- PROBLEM TO SOLVE -
Go through the data line by line from the top, retyping each exactly, and end with the line that contains "Maine Coon Kater".

- AVAILABLE DATA -

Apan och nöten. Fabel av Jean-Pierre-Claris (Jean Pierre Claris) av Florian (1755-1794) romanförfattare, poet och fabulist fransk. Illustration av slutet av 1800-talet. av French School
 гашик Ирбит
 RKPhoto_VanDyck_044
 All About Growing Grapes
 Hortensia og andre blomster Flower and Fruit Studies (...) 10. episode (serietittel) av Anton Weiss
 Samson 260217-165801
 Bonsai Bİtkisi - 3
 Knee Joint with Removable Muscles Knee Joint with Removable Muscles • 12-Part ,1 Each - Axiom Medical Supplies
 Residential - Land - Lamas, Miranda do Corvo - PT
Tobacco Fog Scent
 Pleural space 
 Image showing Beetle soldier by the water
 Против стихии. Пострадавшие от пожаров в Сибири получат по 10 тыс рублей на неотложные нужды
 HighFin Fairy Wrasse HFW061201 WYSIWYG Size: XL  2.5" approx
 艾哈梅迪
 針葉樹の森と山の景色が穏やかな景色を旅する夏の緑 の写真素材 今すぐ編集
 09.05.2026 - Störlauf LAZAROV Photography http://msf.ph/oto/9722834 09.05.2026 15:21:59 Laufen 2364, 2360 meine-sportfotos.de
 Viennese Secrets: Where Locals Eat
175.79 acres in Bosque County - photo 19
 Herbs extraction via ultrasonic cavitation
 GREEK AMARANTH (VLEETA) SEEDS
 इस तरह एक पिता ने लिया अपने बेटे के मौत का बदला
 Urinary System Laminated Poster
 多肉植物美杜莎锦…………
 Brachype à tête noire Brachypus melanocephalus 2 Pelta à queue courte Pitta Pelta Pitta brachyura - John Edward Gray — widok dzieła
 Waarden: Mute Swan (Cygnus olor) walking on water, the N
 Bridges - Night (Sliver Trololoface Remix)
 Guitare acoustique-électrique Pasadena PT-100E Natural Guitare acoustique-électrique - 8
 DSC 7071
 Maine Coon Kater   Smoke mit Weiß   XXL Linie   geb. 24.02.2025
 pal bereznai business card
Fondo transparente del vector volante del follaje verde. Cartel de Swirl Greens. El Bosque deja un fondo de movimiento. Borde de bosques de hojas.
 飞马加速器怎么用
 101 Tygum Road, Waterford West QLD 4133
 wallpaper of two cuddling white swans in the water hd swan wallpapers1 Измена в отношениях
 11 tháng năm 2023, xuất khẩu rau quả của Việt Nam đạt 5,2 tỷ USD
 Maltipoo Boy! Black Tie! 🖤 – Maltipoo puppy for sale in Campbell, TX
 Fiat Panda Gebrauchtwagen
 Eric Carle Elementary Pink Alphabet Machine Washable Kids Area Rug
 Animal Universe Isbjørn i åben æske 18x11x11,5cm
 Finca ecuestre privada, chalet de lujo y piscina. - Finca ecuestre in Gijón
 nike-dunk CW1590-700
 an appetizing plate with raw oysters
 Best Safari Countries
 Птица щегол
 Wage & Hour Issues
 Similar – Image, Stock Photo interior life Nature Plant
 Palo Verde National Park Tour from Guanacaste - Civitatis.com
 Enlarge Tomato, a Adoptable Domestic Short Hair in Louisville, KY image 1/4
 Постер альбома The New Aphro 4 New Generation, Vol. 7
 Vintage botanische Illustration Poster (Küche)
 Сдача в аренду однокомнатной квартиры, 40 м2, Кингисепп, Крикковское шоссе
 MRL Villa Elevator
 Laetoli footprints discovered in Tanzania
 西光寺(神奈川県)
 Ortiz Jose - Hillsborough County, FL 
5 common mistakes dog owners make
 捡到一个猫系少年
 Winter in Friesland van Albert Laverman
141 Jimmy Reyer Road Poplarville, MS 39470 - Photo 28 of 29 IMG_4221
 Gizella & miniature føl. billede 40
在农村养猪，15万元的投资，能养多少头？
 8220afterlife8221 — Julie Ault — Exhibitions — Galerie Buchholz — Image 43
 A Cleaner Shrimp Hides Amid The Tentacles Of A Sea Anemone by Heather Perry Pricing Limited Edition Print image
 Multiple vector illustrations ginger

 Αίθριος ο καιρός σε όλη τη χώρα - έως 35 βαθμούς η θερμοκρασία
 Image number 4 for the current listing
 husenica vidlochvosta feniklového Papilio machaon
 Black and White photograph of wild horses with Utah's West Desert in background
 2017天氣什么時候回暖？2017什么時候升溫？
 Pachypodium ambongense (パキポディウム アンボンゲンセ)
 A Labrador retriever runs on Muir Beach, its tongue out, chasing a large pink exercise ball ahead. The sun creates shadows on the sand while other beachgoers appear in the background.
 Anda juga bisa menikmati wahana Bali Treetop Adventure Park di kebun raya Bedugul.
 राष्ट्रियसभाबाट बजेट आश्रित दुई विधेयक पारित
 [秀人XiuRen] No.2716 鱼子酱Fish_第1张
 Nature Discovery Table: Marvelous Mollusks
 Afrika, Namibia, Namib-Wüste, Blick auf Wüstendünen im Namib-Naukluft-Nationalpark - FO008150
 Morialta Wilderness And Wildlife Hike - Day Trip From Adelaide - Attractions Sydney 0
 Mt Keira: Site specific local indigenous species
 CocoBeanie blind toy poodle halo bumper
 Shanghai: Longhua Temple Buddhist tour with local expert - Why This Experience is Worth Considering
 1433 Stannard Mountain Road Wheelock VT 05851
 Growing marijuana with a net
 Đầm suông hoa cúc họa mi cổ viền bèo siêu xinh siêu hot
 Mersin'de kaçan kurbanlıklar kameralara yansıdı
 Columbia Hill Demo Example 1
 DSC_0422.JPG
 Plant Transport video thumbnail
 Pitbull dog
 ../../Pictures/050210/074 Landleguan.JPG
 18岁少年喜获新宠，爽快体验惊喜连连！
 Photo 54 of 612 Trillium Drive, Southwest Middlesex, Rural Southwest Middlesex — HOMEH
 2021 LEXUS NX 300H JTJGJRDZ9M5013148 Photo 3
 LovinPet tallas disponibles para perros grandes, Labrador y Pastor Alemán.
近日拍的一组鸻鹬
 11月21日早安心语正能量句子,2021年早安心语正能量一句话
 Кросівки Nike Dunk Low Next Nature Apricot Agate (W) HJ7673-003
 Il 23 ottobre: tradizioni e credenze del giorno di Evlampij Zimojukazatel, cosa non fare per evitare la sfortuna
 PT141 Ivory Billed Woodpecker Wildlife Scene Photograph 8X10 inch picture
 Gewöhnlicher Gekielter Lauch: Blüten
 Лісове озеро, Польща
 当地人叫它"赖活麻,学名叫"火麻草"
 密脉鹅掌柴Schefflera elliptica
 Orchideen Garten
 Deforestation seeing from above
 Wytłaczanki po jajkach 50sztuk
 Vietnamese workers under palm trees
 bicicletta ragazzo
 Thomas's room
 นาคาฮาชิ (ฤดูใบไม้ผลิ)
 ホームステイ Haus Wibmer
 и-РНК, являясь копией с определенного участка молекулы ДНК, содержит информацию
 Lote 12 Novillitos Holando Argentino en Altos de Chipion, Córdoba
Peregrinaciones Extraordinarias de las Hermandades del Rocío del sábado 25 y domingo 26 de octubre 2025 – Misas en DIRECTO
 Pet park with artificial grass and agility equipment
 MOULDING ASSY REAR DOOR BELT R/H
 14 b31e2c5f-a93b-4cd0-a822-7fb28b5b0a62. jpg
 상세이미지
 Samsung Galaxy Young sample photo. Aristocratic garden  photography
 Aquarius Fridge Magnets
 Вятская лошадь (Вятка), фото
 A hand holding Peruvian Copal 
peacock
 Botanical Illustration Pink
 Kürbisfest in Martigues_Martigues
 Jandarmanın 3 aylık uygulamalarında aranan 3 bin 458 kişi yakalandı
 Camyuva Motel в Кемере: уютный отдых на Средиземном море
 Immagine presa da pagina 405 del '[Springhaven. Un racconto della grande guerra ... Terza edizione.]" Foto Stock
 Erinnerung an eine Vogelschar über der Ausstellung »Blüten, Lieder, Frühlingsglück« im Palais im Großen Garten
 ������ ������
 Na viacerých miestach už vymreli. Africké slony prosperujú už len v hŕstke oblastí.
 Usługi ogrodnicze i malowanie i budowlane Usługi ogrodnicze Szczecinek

- SOLUTION FOR THIS EXERCISE -
Apan och nöten. Fabel av Jean-Pierre-Claris (Jean Pierre Claris) av Florian (1755-1794) romanförfattare, poet och fabulist fransk. Illustration av slutet av 1800-talet. av French School
 гашик Ирбит
 RKPhoto_VanDyck_044
 All About Growing Grapes
 Hortensia og andre blomster Flower and Fruit Studies (...) 10. episode (serietittel) av Anton Weiss
 Samson 260217-165801
 Bonsai Bİtkisi - 3
 Knee Joint with Removable Muscles Knee Joint with Removable Muscles • 12-Part ,1 Each - Axiom Medical Supplies
 Residential - Land - Lamas, Miranda do Corvo - PT
Tobacco Fog Scent
 Pleural space 
 Image showing Beetle soldier by the water
 Против стихии. Пострадавшие от пожаров в Сибири получат по 10 тыс рублей на неотложные нужды
 HighFin Fairy Wrasse HFW061201 WYSIWYG Size: XL  2.5" approx
 艾哈梅迪
 針葉樹の森と山の景色が穏やかな景色を旅する夏の緑 の写真素材 今すぐ編集
 09.05.2026 - Störlauf LAZAROV Photography http://msf.ph/oto/9722834 09.05.2026 15:21:59 Laufen 2364, 2360 meine-sportfotos.de
 Viennese Secrets: Where Locals Eat
175.79 acres in Bosque County - photo 19
 Herbs extraction via ultrasonic cavitation
 GREEK AMARANTH (VLEETA) SEEDS
 इस तरह एक पिता ने लिया अपने बेटे के मौत का बदला
 Urinary System Laminated Poster
 多肉植物美杜莎锦…………
 Brachype à tête noire Brachypus melanocephalus 2 Pelta à queue courte Pitta Pelta Pitta brachyura - John Edward Gray — widok dzieła
 Waarden: Mute Swan (Cygnus olor) walking on water, the N
 Bridges - Night (Sliver Trololoface Remix)
 Guitare acoustique-électrique Pasadena PT-100E Natural Guitare acoustique-électrique - 8
 DSC 7071
 Maine Coon Kater   Smoke mit Weiß   XXL Linie   geb. 24.02.2025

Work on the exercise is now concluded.